[Start of section]
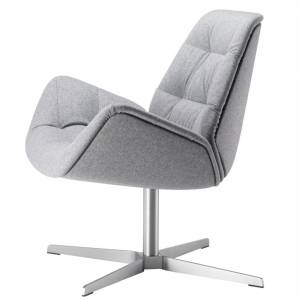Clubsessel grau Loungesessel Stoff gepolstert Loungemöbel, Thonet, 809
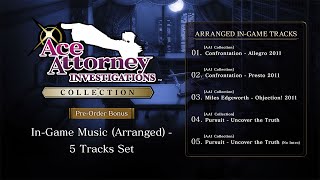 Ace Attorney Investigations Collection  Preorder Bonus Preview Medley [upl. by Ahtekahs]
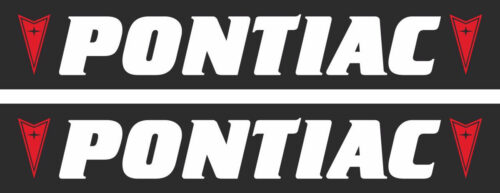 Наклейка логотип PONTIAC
[End of section]
[Start of section]
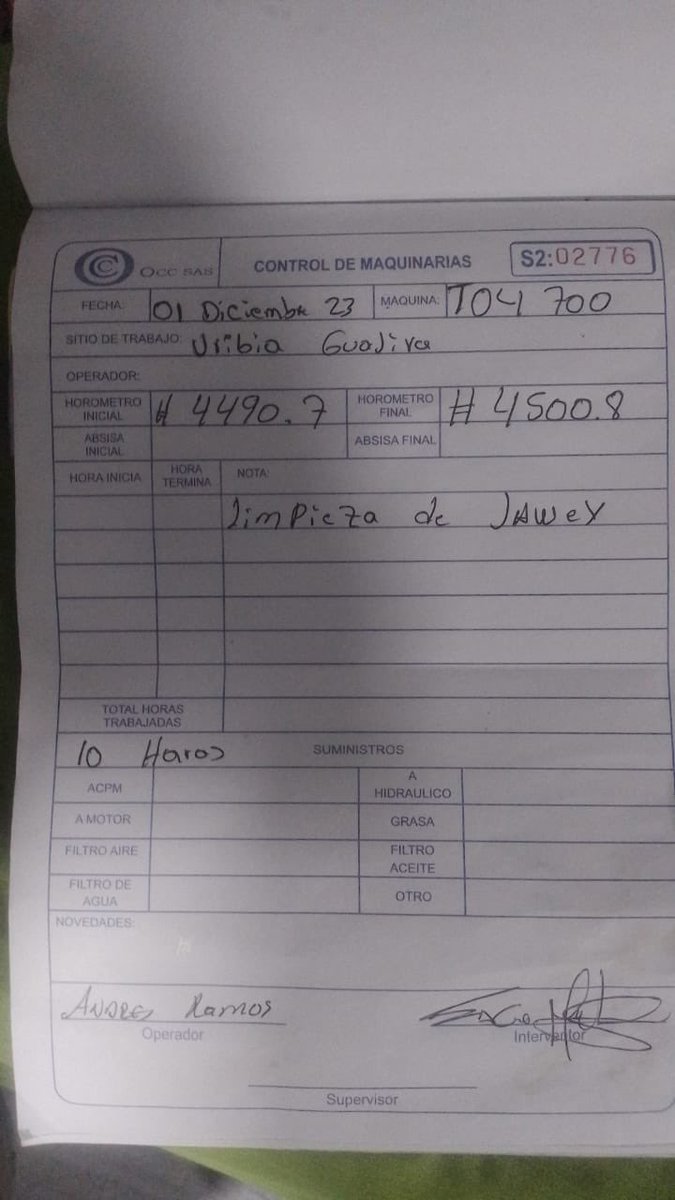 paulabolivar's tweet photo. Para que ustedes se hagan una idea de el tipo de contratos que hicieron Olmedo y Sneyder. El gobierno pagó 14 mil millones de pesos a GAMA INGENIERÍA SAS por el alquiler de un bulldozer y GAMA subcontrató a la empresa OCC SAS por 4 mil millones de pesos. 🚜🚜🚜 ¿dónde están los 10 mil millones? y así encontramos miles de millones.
[End of section]
TASK DESCRIPTION: Pictures excluded, reproduce only the part above that opens with the line holding "Ace Attorney Investigations" and closes with the line holding "Наклейка логотип PONTIAC", exactly as written.

TASK RESPONSE:
 Ace Attorney Investigations Collection  Preorder Bonus Preview Medley [upl. by Ahtekahs]
 Наклейка логотип PONTIAC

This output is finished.